| What you need to do |
Word for word, return the lines from the start of the entries below through the line that has "Primal Vigor Wilds".

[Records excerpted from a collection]
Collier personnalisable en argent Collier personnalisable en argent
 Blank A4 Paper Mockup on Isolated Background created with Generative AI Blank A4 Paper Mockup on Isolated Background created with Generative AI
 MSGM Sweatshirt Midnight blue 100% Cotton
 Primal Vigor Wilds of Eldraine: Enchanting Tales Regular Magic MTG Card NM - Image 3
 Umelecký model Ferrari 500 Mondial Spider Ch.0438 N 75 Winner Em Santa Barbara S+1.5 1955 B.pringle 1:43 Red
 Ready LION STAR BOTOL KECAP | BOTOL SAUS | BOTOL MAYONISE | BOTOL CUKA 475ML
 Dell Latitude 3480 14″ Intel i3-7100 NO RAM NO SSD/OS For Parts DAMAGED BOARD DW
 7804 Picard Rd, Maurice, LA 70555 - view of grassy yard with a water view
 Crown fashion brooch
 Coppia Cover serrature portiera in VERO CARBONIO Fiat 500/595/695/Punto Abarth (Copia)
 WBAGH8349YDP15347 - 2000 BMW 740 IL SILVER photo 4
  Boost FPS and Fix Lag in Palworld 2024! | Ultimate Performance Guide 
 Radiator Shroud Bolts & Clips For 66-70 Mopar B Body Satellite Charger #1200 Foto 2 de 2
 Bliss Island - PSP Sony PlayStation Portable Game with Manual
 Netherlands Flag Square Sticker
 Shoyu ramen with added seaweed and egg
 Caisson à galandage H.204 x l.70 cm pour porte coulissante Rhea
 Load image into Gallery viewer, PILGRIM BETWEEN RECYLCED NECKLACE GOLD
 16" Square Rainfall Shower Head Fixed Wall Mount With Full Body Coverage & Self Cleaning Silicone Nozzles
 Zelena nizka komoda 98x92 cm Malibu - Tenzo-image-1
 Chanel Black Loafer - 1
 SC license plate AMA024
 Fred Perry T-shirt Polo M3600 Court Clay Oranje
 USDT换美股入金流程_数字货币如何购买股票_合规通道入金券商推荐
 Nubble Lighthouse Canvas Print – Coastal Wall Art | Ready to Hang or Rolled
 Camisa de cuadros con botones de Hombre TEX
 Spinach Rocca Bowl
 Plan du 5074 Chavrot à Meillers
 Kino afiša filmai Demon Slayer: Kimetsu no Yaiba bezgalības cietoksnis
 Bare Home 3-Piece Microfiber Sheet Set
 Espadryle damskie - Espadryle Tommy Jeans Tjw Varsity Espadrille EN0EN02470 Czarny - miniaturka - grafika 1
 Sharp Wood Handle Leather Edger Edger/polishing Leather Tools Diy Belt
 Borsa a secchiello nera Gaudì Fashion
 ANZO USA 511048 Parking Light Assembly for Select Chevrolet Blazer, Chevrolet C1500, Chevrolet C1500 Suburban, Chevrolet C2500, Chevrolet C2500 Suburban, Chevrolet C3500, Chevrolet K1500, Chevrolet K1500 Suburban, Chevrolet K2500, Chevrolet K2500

| Result of the exercise |
Collier personnalisable en argent Collier personnalisable en argent
 Blank A4 Paper Mockup on Isolated Background created with Generative AI Blank A4 Paper Mockup on Isolated Background created with Generative AI
 MSGM Sweatshirt Midnight blue 100% Cotton
 Primal Vigor Wilds of Eldraine: Enchanting Tales Regular Magic MTG Card NM - Image 3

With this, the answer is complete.